- Church: Roman Catholic Church
- Archdiocese: Birmingham
- Appointed: 25 April 2024
- In office: 2024–present
- Other posts: Vicar general of the Archdiocese of Birmingham (since 2020); Titular Bishop of Murthlacum (2024–present);

Orders
- Ordination: 22 July 2000 by Vincent Nichols
- Consecration: 16 July 2024 by Bernard Longley

Personal details
- Born: Richard Adrian Walker 24 October 1960 (age 65) Harborne, Birmingham, England
- Education: Coventry University,; St Mary's College, Oscott,; Venerable English College,; Pontifical Gregorian University;

= Richard Walker (bishop) =

English Roman Catholic bishop (born 1960)

Richard Adrian Walker (born 24 October 1960) is an English Roman Catholic prelate who has served as an Auxiliary Bishop of the Archdiocese of Birmingham and titular bishop of Murthlacum since 2024. Before his appointment to the episcopate, he served as Vicar General of the Archdiocese of Birmingham since 2020.

==Early life and education==
Walker was born on 24 October 1960 in Harborne, Birmingham. He qualified as a solicitor in 1985, after a degree in law from Coventry University, before entering priestly formation at St Mary's College, Oscott and the Venerable English College in Rome. In 2000 he was awarded the Licentiate in Dogmatic Theology (STL) from the Pontifical Gregorian University.

==Priestly ministry==
Walker was ordained to the priesthood for the Archdiocese of Birmingham by Archbishop Vincent Nichols at St Francis Church, Kenilworth, on 22 July 2000.

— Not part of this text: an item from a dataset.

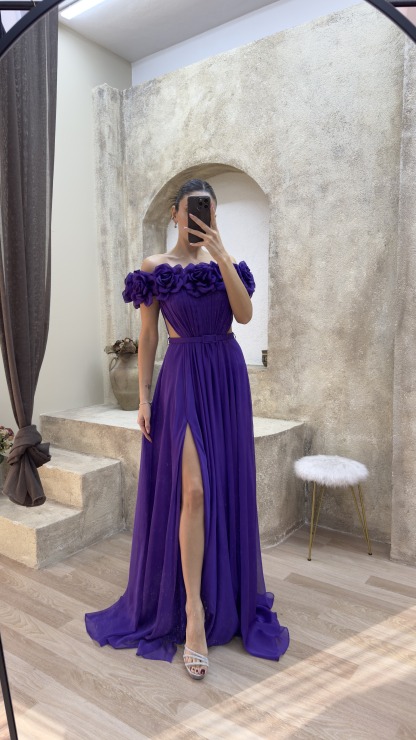 STRAPLESS CHEST ROSE WAIST DETAIL DESIGN EVENING DRESS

Following ordination, he served as assistant priest at Christ the King Parish, Coventry (2000–2003). He then joined the staff of St Mary's College, Oscott, where he served until 2014, including most of that period as vice rector. From 2014 to 2020 he was parish priest of St John the Evangelist, Banbury, while also serving as Director of Ongoing Formation for the archdiocese from 2015. Between 2018 and 2020 he additionally served as parish priest of St Joseph the Worker, Banbury. He was appointed Vicar General and trustee of the Archdiocese of Birmingham in September 2020.

==Episcopal ministry==
On 25 April 2024, Pope Francis appointed Walker auxiliary bishop of the Archdiocese of Birmingham and titular bishop of Murthlacum.

He received episcopal consecration on 16 July 2024 in St Chad's Cathedral, Birmingham. The principal consecrator was Archbishop Bernard Longley, assisted by Bishop David Ernest Charles Evans and Bishop Stephen Wright.

Following his ordination as bishop, Walker was given pastoral responsibility for the deaneries and parishes of Coventry, Warwickshire and Oxfordshire.